The marchers included students and university staff, many wearing the blue of the Central European University (CEU) and some waving Hungarian, EU and US flags on Kossuth Square outside parliament on Sunday. There were also street protests last Sunday and on Tuesday.
Many chanted for President Janos Ader to veto the legislation. Ader - from Orban's governing Fidesz party - was re-elected by lawmakers for a five-year term in March.
"Don't sign it, Jani," the crowd chanted, using a Hungarian nickname for Ader's first name. Other chants included "A free country, a free university," ''Orban get out," ''Viktator!" and "Europe, Europe."
The Hungarian-born Soros founded the English-language CEU in 1991 aiming at helping the region's transition from communism to democracy.
Critics see the move as another attack by Orban on Soros, whom he accuses of seeking to meddle in politics. It is also seen as targeting Soros's Open Society Foundation, which funds civil society groups and has also come under fire elsewhere in the region.
Orban alleges that non-governmental organizations (NGOs) supported by Soros - including Transparency International and the Hungarian Helsinki Committee - are "foreign agents" working against Hungarian interests.
In October 2016 the opposition "Nepszabadsag" newspaper was closed down, with critics accusing Orban of trying to control the press.
Clamping down on the Open Society
Amendments to Hungary's higher education law approved this week could force it to close or move. The law, which was rushed through parliament in less than a week, would require the CEU to change its name and open a campus in the US. The university currently enrolls over 1,400 students from 108 countries.
It is accredited in New York state and in Hungary and students can earn degrees valid in both countries. The CEU has 1,800 students from 100 countries and is ranked in the top 50 universities for political and international studies in the World University Rankings list.

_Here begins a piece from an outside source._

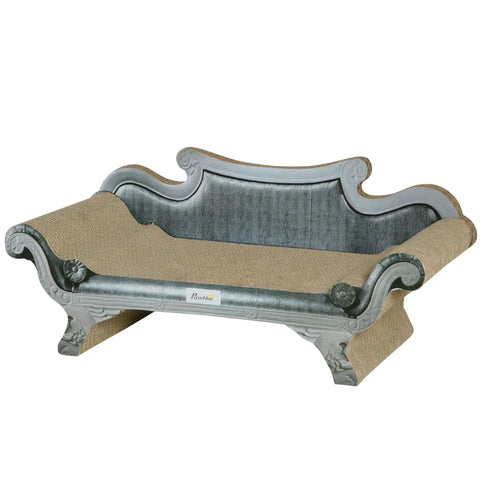 Rootz Scratching Board - Corrugated Cardboard - Scratching Furniture - Scratching Sofa With Mat - Scratching Toy - Cat Lounge - Scratching Pad - Cat Toy - White/Brown - 60 x 29 x 26.5 cm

The new rules, approved by parliament on Tuesday, bar institutions based outside the EU from awarding Hungarian diplomas without an agreement between national governments.
A law expected to be passed in May would force NGOs getting more than 7.2 million forints ($24,500) a year from abroad to register with authorities.
The legislation does not mention the CEU by name but the university sees itself as the main target and has warned it may have to close.
The US State Department has expressed its concerns about the legislation and the CEU's ability to continue operating in Hungary.
Deputy Assistant Secretary for European and Eurasian Affairs Hoyt Yee will be in Budapest on Monday to meet with government officials, in part to discuss the CEU. Yee is also expected to meet with authorities from the university.
The governments of the US and Germany have criticized the move to close the university. Hoyt Yee, an official for European and Euroasian affairs at the US State Department, is expected in Budapest during the first half of this week.
More than 900 universities worldwide have signed a petition calling for the new law to be scrapped.